- [Aim of the exercise]: Practice item. Set the material below down again exactly, with no pictures.
Data Block Start
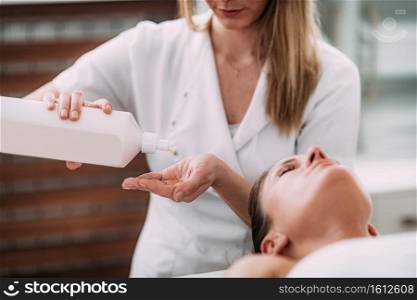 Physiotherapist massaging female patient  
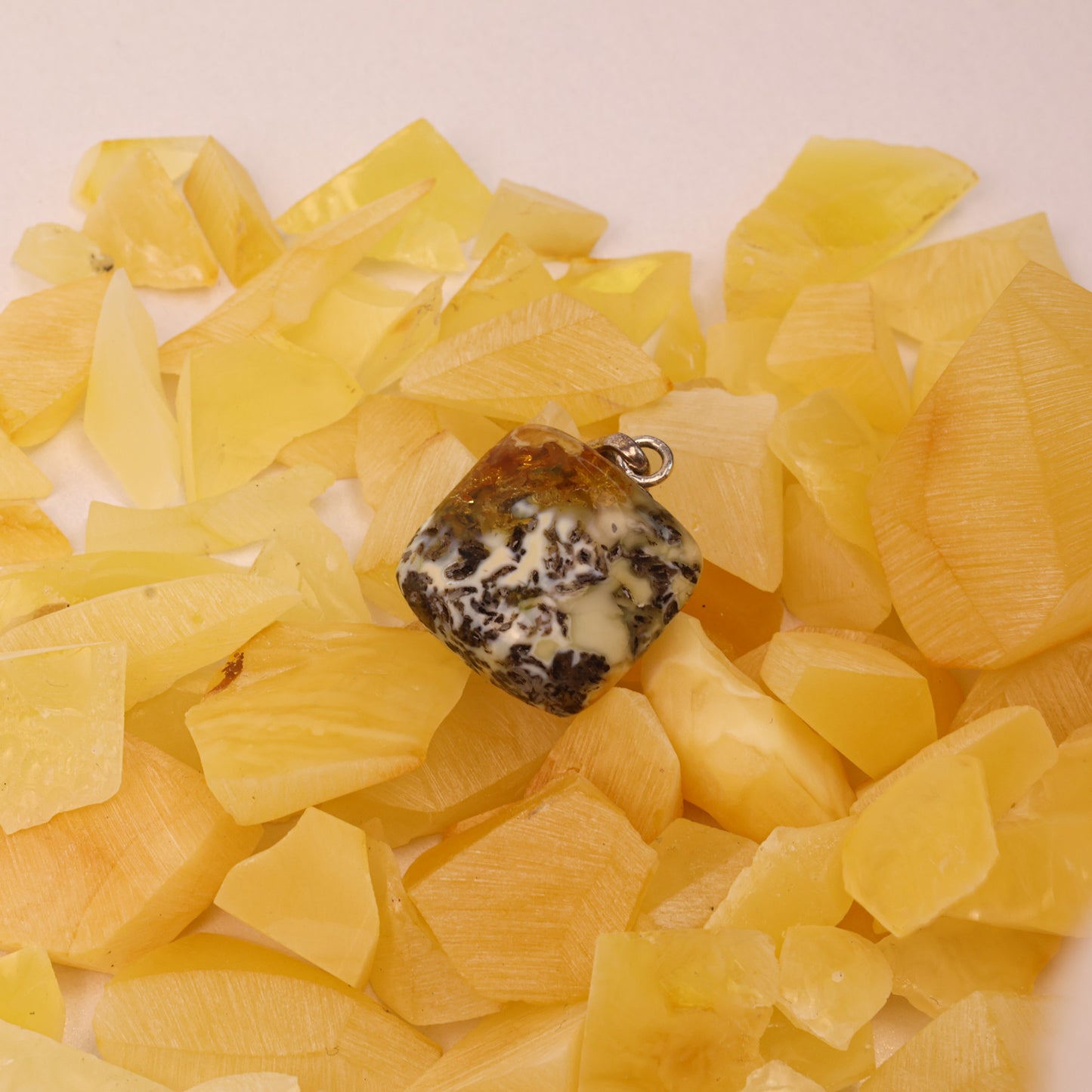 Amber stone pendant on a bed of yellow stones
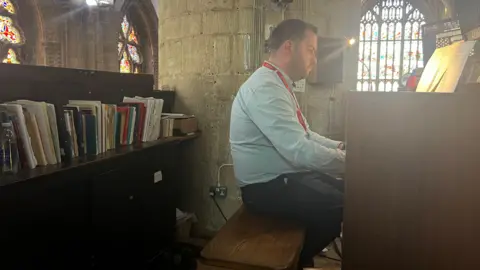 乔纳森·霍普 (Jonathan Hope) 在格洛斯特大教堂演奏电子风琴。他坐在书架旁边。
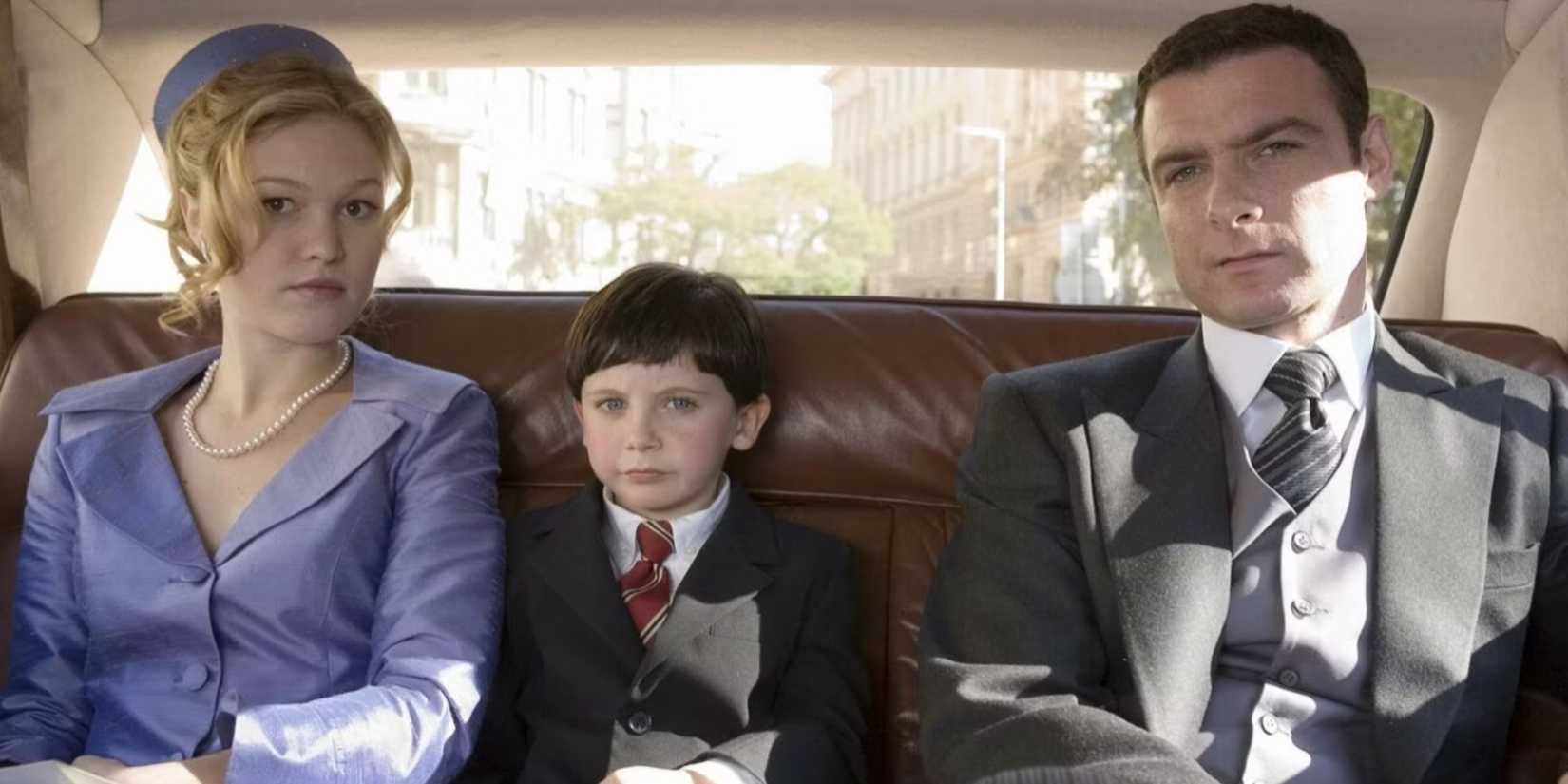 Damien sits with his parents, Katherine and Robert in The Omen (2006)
Data Block End
- [Reply]:
 Physiotherapist massaging female patient  
 Amber stone pendant on a bed of yellow stones
 乔纳森·霍普 (Jonathan Hope) 在格洛斯特大教堂演奏电子风琴。他坐在书架旁边。
 Damien sits with his parents, Katherine and Robert in The Omen (2006)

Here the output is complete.